Subsequently, the report revealed that nearly 7.3 million accounts were removed for potentially belonging to a person under the age of 13. This is less than 1 percent

 of all accounts on TikTok. 

The platform, which is highly popular with teenagers, highlighted that it has introduced several measures to protect its active teenager users, including limiting features such as private messaging and live streaming to users aged 16 and over.

Users under the age of 16 will also have their accounts automatically set to private.

“In order to continue strengthening our approach to keeping TikTok a place for people 13 and over, we aim to explore new technologies to help with the industry-wide challenge of age assurance,” Cormac Keenan, head of trust and safety at TikTok, said in a company blog post.

Keenan also added that this program strengthens TikTok’s overall security maturity by encouraging global security researchers to identify and responsibly disclose bugs to their teams so “we can resolve them before attackers exploit them.”

Technology companies from all walks of life face a common conundrum, on one hand they need to keep attracting teenagers – considered as fresh users – while making sure that they are not too young.

“One of the challenges TikTok faces, that isn’t different to other social networks, is verifying the age of users,” Chris Stokel-Walker, author of TikTok Boom, was quoted as saying. “For decades, it’s been possible to by-pass age verification checks simply by saying you’re older than you are and inserting a fake date of birth,” he added.

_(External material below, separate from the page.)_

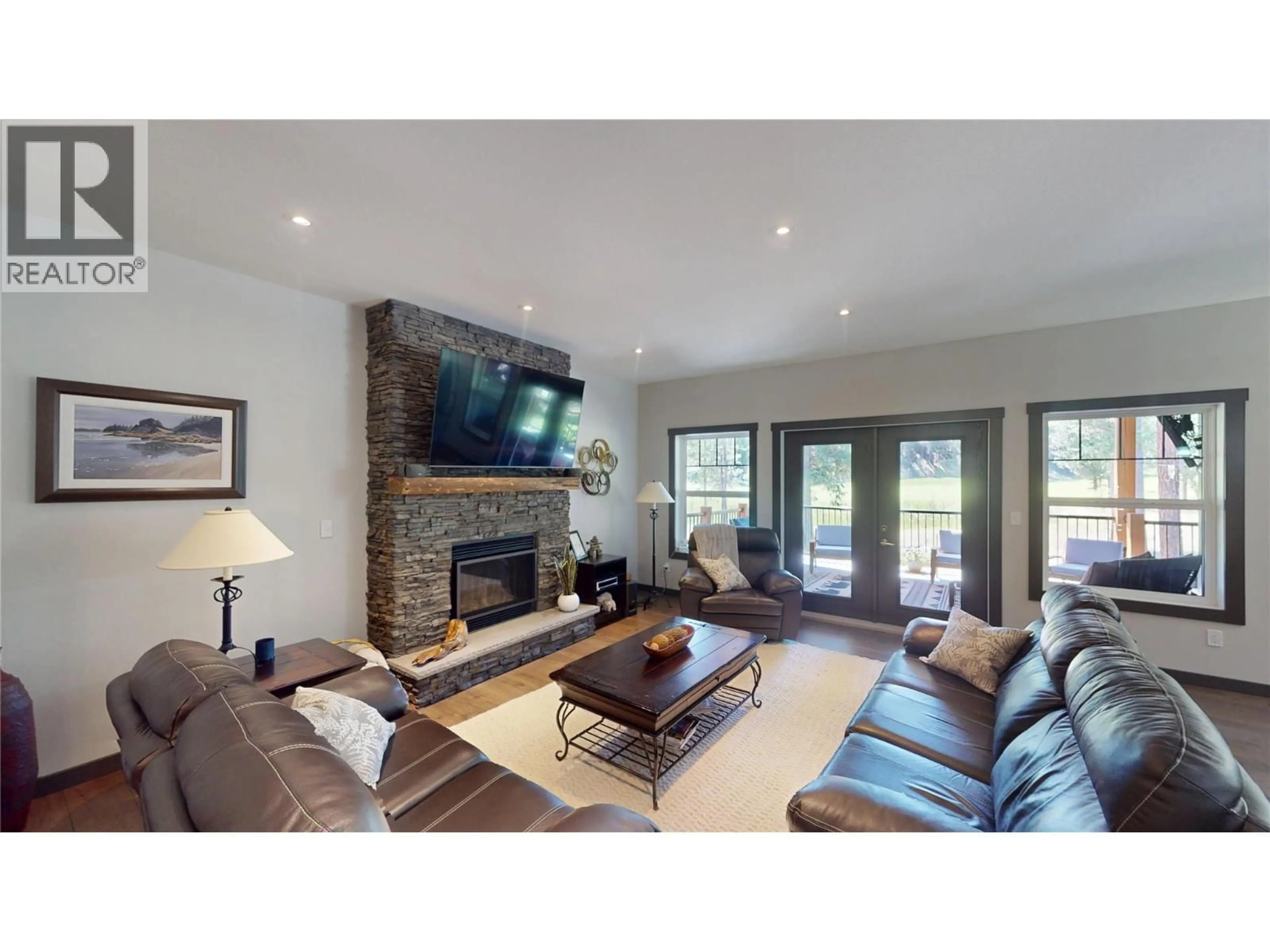 Living room with furniture, unknown for 117 RIVER DRIVE, Cranbrook British Columbia V1C0C6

Despite these measure, Big Tech companies are taking measures to bolster online child safety. Critics said that parents should remember that even a “child friendly” speaker will also be collecting data on their children.

Privacy experts and advocates advise parents to think twice before purchasing any technological device for their children. As it’s the case with TikTok as it can detect underage users accessing its platform with fake birth dates and take their accounts down, without explaining how such information was collected.

Previously, both Amazon and TikTok were sued over online child protection cases.

 In 2019,  TikTok was given a record $5.7 million fine by the Federal Trade Commission (FTC), for mishandling children’s data. Similarly, Amazon faced a similar fate over Alexa’s child recordings in U.S. in the same year.